The Enforceability of the BBA

I never really thought of this, but how exactly would a Balanced Budget Amendment be enforced?
I can think of three models that make sense. The first would involve judicial enforcement. In other words, if the budget is not balanced under whatever specific language is adopted, someone would have standing to sue and stop money from being spent. The second would be self-enforcing. In other words, the amendment could contain a legislative trigger that would be activated if the budget was unbalanced, saying, for instance, that any additional spending would have to approved by a supermajority of Congress.

The third view would treat the amendment as aspirational. Advocates of including positive rights in the text (the right to housing, the right to education, or the right to a job) often say that the point is not to make these rights judicially enforceable. Instead, the idea is that their codification will change the political culture and exert a strong pull on elected officials. The same could be true for a balanced budget amendment.
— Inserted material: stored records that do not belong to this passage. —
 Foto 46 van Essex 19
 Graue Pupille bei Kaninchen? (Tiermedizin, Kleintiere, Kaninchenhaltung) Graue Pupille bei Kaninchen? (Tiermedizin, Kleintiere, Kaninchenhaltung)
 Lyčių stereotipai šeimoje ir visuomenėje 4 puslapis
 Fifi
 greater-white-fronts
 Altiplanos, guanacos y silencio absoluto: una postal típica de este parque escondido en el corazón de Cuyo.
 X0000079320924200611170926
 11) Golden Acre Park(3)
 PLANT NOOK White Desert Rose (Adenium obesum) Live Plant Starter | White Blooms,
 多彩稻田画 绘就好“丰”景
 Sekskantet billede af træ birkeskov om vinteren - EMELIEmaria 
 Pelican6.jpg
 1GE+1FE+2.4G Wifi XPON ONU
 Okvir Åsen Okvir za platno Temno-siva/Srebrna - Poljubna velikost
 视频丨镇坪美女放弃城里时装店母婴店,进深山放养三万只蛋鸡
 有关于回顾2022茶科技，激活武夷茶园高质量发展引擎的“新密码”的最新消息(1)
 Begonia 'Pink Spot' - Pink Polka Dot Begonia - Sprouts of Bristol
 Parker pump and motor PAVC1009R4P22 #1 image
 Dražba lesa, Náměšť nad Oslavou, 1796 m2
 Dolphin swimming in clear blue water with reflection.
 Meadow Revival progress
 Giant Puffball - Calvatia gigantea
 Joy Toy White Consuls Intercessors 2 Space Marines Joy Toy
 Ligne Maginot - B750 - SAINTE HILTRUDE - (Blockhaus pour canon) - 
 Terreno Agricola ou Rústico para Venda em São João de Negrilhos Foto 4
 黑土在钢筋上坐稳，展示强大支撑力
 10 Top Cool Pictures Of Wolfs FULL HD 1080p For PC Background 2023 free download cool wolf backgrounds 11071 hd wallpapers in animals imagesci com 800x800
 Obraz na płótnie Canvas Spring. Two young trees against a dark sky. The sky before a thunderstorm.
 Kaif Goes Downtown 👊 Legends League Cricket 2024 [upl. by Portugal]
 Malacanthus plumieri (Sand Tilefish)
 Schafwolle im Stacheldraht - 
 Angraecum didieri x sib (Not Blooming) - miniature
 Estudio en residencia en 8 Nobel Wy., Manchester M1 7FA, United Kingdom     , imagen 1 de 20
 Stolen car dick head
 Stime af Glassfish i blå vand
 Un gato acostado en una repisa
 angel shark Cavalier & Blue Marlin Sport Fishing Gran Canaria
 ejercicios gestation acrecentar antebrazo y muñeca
I don't think proponents of the BBA anticipate or would be satisfied with options two or three. But with respect to the first, it is worth noting that -- unless the amendment contained specific language privileging spending cuts over all other tactics that could be used to balance a budget -- judicial enforcement could easily include injunctions to raise taxes or sell off government property.

And if they do cut spending, how exactly would they determine which programs to cut? Would it just be the ones the judge disliked the most? Finally, a way for Jack Weinstein to get us out of Iraq!

2 comments:

PG said...

Why would it be different from how it's enforced in states that have balanced-budget requirements?

-- She said, having absolutely no idea how those states enforce said requirements.

David Schraub said...

Yeah, I don't know how those work either.